ODIP: Towards Automatic Adaptation for Object Detection by Interactive Perception
This addresses the need for automated adaptation in industrial object detection, reducing reliance on human annotations, though it appears incremental as it builds on interactive perception methods.
The paper tackles the problem of costly data re-collection and annotation for object detection in industrial settings by introducing ODIP, an object detector that adapts to novel domains automatically through interactive perception, outperforming generic and state-of-the-art few-shot detectors.
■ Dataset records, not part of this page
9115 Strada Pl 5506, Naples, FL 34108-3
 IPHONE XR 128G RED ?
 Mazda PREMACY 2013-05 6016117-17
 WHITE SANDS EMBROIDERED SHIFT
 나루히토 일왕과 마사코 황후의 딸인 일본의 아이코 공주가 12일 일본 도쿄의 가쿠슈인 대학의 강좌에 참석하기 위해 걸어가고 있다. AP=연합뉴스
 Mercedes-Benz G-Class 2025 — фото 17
Object detection plays a deep role in visual systems by identifying instances for downstream algorithms. In industrial scenarios, however, a slight change in manufacturing systems would lead to costly data re-collection and human annotation processes to re-train models. Existing solutions such as semi-supervised and few-shot methods either rely on numerous human annotations or suffer low performance. In this work, we explore a novel object detector based on interactive perception (ODIP), which can be adapted to novel domains in an automated manner. By interacting with a grasping system, ODIP accumulates visual observations of novel objects, learning to identify previously unseen instances without human-annotated data. Extensive experiments show ODIP outperforms both the generic object detector and state-of-the-art few-shot object detector fine-tuned in traditional manners. A demo video is provided to further illustrate the idea.